| PROBLEM REQUIREMENTS |
Return exactly the lines of the records below, starting at the line that contains "Bumbac - Bej" and ending at the line that contains "Wow! Just arrived", with both of those lines kept.

| SUPPLIED MATERIAL |

· · · ·

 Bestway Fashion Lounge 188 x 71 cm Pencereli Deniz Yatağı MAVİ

· · · ·

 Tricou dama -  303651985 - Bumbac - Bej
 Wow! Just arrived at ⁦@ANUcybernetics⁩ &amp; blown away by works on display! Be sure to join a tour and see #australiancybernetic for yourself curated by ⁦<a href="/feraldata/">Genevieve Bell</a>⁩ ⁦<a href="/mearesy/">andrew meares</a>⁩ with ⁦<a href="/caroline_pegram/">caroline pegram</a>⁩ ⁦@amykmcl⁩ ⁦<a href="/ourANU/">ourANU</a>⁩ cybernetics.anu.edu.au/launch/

· · · ·

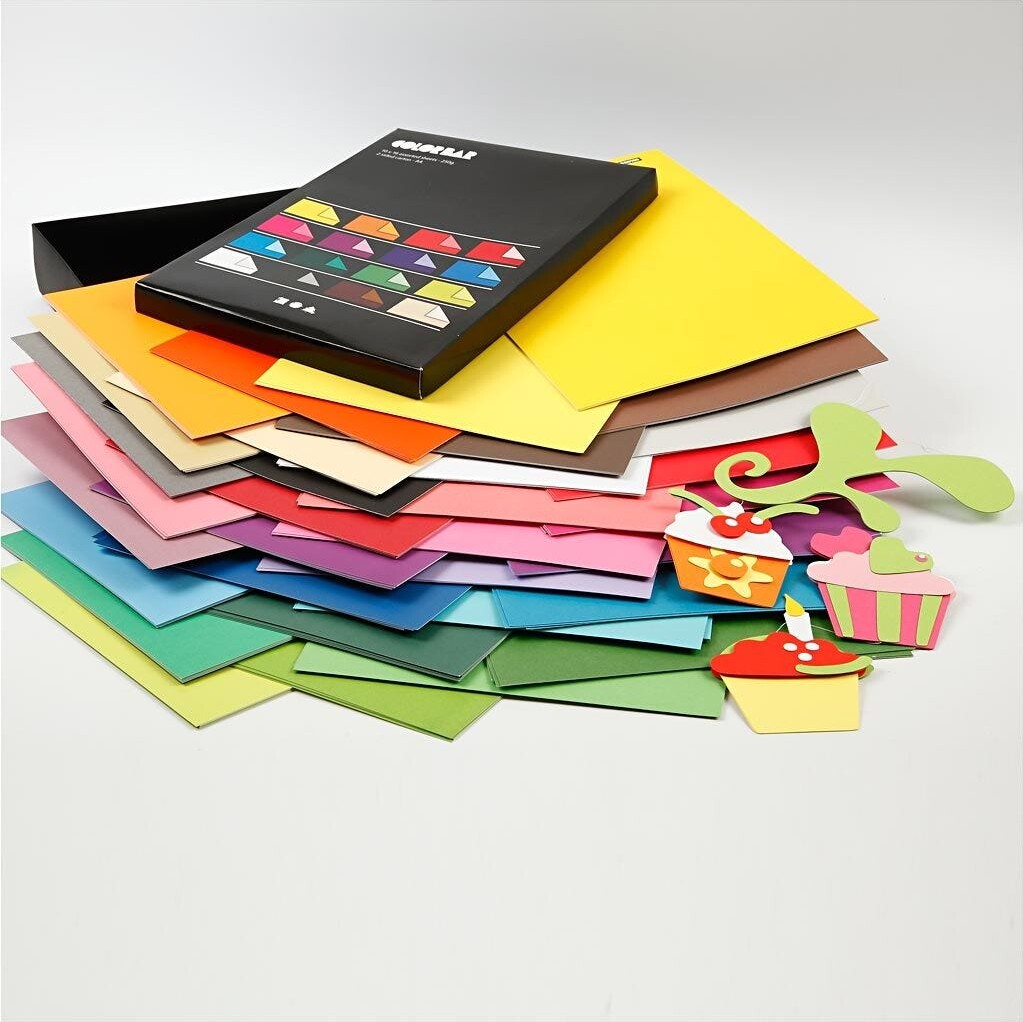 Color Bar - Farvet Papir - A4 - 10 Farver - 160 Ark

· · · ·

| RESPONSE TO THE EXERCISE |
 Tricou dama -  303651985 - Bumbac - Bej
 Wow! Just arrived at ⁦@ANUcybernetics⁩ &amp; blown away by works on display! Be sure to join a tour and see #australiancybernetic for yourself curated by ⁦<a href="/feraldata/">Genevieve Bell</a>⁩ ⁦<a href="/mearesy/">andrew meares</a>⁩ with ⁦<a href="/caroline_pegram/">caroline pegram</a>⁩ ⁦@amykmcl⁩ ⁦<a href="/ourANU/">ourANU</a>⁩ cybernetics.anu.edu.au/launch/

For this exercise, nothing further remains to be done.